Source records:
--------------------------------------------------
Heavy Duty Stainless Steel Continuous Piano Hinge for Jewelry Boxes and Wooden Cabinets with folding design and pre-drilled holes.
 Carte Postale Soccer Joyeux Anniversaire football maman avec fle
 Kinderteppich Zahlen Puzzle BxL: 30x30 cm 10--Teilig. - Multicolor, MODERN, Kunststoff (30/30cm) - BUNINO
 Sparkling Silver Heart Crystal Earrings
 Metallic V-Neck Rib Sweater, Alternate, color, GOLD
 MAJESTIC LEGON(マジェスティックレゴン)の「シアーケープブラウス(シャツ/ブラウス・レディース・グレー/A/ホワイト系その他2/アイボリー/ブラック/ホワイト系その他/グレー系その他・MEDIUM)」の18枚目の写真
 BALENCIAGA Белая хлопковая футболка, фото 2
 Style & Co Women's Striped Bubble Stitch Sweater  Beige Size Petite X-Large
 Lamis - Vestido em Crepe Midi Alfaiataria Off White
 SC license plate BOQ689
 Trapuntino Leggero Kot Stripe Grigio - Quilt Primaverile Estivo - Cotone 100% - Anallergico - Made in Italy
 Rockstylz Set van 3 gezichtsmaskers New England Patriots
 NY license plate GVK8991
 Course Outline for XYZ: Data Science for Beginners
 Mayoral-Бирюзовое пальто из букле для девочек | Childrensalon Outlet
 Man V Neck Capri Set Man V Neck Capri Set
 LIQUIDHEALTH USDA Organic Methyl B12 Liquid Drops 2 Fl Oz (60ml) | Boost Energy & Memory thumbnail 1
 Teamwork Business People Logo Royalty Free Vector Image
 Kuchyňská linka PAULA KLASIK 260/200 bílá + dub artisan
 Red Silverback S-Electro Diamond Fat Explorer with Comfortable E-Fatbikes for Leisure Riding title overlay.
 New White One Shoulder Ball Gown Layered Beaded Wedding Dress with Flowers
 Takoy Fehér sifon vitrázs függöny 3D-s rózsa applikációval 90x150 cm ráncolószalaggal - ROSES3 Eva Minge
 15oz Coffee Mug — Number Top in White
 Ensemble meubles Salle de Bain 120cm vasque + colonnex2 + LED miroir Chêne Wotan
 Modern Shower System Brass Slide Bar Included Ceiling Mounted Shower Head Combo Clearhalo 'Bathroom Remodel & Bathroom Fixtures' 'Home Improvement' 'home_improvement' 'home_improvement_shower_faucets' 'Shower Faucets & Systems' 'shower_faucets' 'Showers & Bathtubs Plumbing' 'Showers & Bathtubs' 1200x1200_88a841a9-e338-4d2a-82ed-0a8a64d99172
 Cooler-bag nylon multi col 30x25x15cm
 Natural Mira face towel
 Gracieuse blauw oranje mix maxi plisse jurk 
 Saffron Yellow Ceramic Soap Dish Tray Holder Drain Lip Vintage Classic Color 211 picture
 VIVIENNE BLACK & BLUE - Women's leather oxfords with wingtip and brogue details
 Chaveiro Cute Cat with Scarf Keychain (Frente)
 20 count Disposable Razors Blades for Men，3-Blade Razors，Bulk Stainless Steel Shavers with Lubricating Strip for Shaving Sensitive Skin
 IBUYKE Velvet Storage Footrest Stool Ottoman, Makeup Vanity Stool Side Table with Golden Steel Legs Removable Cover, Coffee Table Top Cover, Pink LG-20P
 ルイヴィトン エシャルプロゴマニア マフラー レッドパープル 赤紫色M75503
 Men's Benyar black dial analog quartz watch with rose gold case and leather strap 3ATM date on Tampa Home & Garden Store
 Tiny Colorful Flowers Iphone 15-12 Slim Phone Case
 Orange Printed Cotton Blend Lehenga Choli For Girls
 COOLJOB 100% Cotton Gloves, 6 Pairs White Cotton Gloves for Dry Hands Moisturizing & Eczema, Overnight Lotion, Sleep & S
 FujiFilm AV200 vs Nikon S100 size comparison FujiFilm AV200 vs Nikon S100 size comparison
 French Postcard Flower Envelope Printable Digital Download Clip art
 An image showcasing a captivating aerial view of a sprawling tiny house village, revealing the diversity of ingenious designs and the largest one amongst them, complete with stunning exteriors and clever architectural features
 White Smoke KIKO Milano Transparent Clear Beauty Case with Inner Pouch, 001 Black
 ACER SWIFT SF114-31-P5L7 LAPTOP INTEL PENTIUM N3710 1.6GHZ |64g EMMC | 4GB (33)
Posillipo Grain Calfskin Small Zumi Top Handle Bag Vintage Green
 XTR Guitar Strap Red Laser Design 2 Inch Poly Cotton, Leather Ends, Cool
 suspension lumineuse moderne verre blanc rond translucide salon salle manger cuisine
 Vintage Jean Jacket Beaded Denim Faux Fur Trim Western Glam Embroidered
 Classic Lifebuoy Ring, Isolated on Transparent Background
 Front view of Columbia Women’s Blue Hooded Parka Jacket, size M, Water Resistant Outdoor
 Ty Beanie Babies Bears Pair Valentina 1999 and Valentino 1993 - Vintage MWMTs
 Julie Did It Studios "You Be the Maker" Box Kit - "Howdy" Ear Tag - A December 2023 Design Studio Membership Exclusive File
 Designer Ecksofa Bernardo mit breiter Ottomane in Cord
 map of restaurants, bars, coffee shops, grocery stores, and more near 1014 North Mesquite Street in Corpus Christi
--------------------------------------------------
What you will do
Your reply should consist of all the records, restated exactly.

Answer box
Heavy Duty Stainless Steel Continuous Piano Hinge for Jewelry Boxes and Wooden Cabinets with folding design and pre-drilled holes.
 Carte Postale Soccer Joyeux Anniversaire football maman avec fle
 Kinderteppich Zahlen Puzzle BxL: 30x30 cm 10--Teilig. - Multicolor, MODERN, Kunststoff (30/30cm) - BUNINO
 Sparkling Silver Heart Crystal Earrings
 Metallic V-Neck Rib Sweater, Alternate, color, GOLD
 MAJESTIC LEGON(マジェスティックレゴン)の「シアーケープブラウス(シャツ/ブラウス・レディース・グレー/A/ホワイト系その他2/アイボリー/ブラック/ホワイト系その他/グレー系その他・MEDIUM)」の18枚目の写真
 BALENCIAGA Белая хлопковая футболка, фото 2
 Style & Co Women's Striped Bubble Stitch Sweater  Beige Size Petite X-Large
 Lamis - Vestido em Crepe Midi Alfaiataria Off White
 SC license plate BOQ689
 Trapuntino Leggero Kot Stripe Grigio - Quilt Primaverile Estivo - Cotone 100% - Anallergico - Made in Italy
 Rockstylz Set van 3 gezichtsmaskers New England Patriots
 NY license plate GVK8991
 Course Outline for XYZ: Data Science for Beginners
 Mayoral-Бирюзовое пальто из букле для девочек | Childrensalon Outlet
 Man V Neck Capri Set Man V Neck Capri Set
 LIQUIDHEALTH USDA Organic Methyl B12 Liquid Drops 2 Fl Oz (60ml) | Boost Energy & Memory thumbnail 1
 Teamwork Business People Logo Royalty Free Vector Image
 Kuchyňská linka PAULA KLASIK 260/200 bílá + dub artisan
 Red Silverback S-Electro Diamond Fat Explorer with Comfortable E-Fatbikes for Leisure Riding title overlay.
 New White One Shoulder Ball Gown Layered Beaded Wedding Dress with Flowers
 Takoy Fehér sifon vitrázs függöny 3D-s rózsa applikációval 90x150 cm ráncolószalaggal - ROSES3 Eva Minge
 15oz Coffee Mug — Number Top in White
 Ensemble meubles Salle de Bain 120cm vasque + colonnex2 + LED miroir Chêne Wotan
 Modern Shower System Brass Slide Bar Included Ceiling Mounted Shower Head Combo Clearhalo 'Bathroom Remodel & Bathroom Fixtures' 'Home Improvement' 'home_improvement' 'home_improvement_shower_faucets' 'Shower Faucets & Systems' 'shower_faucets' 'Showers & Bathtubs Plumbing' 'Showers & Bathtubs' 1200x1200_88a841a9-e338-4d2a-82ed-0a8a64d99172
 Cooler-bag nylon multi col 30x25x15cm
 Natural Mira face towel
 Gracieuse blauw oranje mix maxi plisse jurk 
 Saffron Yellow Ceramic Soap Dish Tray Holder Drain Lip Vintage Classic Color 211 picture
 VIVIENNE BLACK & BLUE - Women's leather oxfords with wingtip and brogue details
 Chaveiro Cute Cat with Scarf Keychain (Frente)
 20 count Disposable Razors Blades for Men，3-Blade Razors，Bulk Stainless Steel Shavers with Lubricating Strip for Shaving Sensitive Skin
 IBUYKE Velvet Storage Footrest Stool Ottoman, Makeup Vanity Stool Side Table with Golden Steel Legs Removable Cover, Coffee Table Top Cover, Pink LG-20P
 ルイヴィトン エシャルプロゴマニア マフラー レッドパープル 赤紫色M75503
 Men's Benyar black dial analog quartz watch with rose gold case and leather strap 3ATM date on Tampa Home & Garden Store
 Tiny Colorful Flowers Iphone 15-12 Slim Phone Case
 Orange Printed Cotton Blend Lehenga Choli For Girls
 COOLJOB 100% Cotton Gloves, 6 Pairs White Cotton Gloves for Dry Hands Moisturizing & Eczema, Overnight Lotion, Sleep & S
 FujiFilm AV200 vs Nikon S100 size comparison FujiFilm AV200 vs Nikon S100 size comparison
 French Postcard Flower Envelope Printable Digital Download Clip art
 An image showcasing a captivating aerial view of a sprawling tiny house village, revealing the diversity of ingenious designs and the largest one amongst them, complete with stunning exteriors and clever architectural features
 White Smoke KIKO Milano Transparent Clear Beauty Case with Inner Pouch, 001 Black
 ACER SWIFT SF114-31-P5L7 LAPTOP INTEL PENTIUM N3710 1.6GHZ |64g EMMC | 4GB (33)
Posillipo Grain Calfskin Small Zumi Top Handle Bag Vintage Green
 XTR Guitar Strap Red Laser Design 2 Inch Poly Cotton, Leather Ends, Cool
 suspension lumineuse moderne verre blanc rond translucide salon salle manger cuisine
 Vintage Jean Jacket Beaded Denim Faux Fur Trim Western Glam Embroidered
 Classic Lifebuoy Ring, Isolated on Transparent Background
 Front view of Columbia Women’s Blue Hooded Parka Jacket, size M, Water Resistant Outdoor
 Ty Beanie Babies Bears Pair Valentina 1999 and Valentino 1993 - Vintage MWMTs
 Julie Did It Studios "You Be the Maker" Box Kit - "Howdy" Ear Tag - A December 2023 Design Studio Membership Exclusive File
 Designer Ecksofa Bernardo mit breiter Ottomane in Cord
 map of restaurants, bars, coffee shops, grocery stores, and more near 1014 North Mesquite Street in Corpus Christi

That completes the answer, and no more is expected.